**Stored items**.

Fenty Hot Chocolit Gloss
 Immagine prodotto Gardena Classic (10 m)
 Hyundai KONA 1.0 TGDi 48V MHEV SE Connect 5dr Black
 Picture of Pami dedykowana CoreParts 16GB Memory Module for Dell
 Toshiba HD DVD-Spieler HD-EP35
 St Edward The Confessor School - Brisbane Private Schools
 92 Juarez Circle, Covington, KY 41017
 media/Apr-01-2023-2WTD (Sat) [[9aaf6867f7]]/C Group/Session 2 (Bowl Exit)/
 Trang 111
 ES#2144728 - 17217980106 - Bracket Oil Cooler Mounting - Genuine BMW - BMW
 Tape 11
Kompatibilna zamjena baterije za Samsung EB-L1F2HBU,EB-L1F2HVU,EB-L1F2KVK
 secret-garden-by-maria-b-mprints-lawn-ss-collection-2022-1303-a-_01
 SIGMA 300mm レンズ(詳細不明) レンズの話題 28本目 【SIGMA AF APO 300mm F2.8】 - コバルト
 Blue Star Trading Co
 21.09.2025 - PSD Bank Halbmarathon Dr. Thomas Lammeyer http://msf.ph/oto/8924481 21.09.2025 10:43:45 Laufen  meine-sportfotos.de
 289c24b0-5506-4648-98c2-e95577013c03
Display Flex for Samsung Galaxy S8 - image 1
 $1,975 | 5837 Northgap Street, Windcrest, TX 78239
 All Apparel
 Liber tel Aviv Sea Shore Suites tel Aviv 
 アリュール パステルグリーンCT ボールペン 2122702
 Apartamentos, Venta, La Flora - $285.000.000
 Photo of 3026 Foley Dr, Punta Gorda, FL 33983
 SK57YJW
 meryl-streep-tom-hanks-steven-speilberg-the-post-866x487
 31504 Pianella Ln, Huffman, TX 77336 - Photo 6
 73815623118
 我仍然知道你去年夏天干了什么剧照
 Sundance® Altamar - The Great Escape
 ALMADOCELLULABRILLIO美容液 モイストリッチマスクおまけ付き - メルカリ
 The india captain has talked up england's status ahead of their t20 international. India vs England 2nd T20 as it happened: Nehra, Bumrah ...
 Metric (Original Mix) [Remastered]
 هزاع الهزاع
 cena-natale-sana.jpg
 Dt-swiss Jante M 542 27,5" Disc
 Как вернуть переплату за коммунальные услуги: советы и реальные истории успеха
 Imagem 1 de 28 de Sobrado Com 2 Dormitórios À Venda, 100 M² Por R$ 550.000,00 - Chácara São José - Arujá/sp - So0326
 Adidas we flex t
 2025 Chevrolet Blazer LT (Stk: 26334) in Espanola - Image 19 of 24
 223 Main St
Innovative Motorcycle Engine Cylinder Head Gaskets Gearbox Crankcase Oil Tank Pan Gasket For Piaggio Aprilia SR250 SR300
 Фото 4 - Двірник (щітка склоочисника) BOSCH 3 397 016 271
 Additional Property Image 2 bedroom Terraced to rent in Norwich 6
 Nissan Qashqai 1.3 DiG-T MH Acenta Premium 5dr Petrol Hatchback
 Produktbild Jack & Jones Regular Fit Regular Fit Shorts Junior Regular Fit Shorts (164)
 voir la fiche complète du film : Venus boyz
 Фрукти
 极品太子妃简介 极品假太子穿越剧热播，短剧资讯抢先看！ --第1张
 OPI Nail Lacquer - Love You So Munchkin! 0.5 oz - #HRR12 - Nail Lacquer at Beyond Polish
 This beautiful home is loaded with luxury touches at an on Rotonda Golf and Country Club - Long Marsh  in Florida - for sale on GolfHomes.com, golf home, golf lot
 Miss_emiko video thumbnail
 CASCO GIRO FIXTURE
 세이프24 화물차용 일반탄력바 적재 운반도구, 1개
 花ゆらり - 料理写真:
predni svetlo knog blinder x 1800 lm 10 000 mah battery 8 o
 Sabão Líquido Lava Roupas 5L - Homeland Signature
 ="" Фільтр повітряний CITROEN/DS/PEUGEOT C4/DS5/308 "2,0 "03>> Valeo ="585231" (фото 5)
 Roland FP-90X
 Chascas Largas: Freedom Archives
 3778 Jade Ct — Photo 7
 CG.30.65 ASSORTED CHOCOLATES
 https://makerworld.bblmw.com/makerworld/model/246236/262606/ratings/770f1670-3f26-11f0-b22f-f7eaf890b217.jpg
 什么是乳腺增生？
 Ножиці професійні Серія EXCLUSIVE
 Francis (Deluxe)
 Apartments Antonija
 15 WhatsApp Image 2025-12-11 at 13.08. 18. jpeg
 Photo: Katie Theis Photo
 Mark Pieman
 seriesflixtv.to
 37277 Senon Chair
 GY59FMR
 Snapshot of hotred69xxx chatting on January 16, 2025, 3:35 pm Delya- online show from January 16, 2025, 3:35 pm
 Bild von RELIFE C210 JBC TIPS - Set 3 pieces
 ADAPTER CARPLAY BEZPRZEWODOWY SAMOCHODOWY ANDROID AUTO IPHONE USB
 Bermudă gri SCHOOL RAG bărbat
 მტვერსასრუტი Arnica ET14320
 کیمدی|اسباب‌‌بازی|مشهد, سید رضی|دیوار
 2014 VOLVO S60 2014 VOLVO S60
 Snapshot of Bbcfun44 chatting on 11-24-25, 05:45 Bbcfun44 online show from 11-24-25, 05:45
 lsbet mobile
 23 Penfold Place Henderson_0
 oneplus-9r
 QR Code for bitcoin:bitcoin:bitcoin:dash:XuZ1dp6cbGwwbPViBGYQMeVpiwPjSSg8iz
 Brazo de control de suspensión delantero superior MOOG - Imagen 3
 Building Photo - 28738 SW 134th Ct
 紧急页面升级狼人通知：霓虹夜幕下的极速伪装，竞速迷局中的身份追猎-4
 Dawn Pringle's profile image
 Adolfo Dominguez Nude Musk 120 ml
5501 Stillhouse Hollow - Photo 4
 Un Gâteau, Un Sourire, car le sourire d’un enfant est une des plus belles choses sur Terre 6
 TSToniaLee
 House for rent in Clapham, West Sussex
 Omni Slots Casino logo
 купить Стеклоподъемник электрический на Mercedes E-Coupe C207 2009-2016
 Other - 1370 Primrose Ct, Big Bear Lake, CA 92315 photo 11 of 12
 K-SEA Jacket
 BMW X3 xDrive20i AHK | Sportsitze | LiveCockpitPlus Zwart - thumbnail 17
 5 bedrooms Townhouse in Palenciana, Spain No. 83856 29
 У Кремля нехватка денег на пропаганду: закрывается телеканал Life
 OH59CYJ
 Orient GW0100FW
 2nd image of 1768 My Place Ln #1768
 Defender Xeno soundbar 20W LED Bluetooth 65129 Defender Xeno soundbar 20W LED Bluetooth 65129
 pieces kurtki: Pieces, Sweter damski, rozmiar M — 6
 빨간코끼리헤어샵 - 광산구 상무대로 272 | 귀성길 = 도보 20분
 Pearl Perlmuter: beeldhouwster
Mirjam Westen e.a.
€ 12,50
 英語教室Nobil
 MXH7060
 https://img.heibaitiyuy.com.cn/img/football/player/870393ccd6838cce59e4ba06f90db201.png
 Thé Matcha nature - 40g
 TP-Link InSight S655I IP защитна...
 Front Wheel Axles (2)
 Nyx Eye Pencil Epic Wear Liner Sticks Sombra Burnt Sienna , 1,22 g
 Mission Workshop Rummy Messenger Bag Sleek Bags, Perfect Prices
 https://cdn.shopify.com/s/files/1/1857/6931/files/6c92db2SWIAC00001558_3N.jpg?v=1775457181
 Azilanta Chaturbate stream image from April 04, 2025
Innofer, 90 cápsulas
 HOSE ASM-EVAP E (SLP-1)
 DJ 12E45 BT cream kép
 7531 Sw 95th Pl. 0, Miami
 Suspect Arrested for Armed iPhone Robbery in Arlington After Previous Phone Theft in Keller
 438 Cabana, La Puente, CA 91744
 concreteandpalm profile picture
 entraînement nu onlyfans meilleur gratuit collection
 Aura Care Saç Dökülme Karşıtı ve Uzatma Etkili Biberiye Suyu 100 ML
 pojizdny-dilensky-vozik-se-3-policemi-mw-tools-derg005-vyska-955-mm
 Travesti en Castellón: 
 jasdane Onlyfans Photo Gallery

**WORK INSTRUCTIONS**.
Where a line of the data contains the string "pieces", include it in a count, and state that count alone.

**WORKED SOLUTION**.
2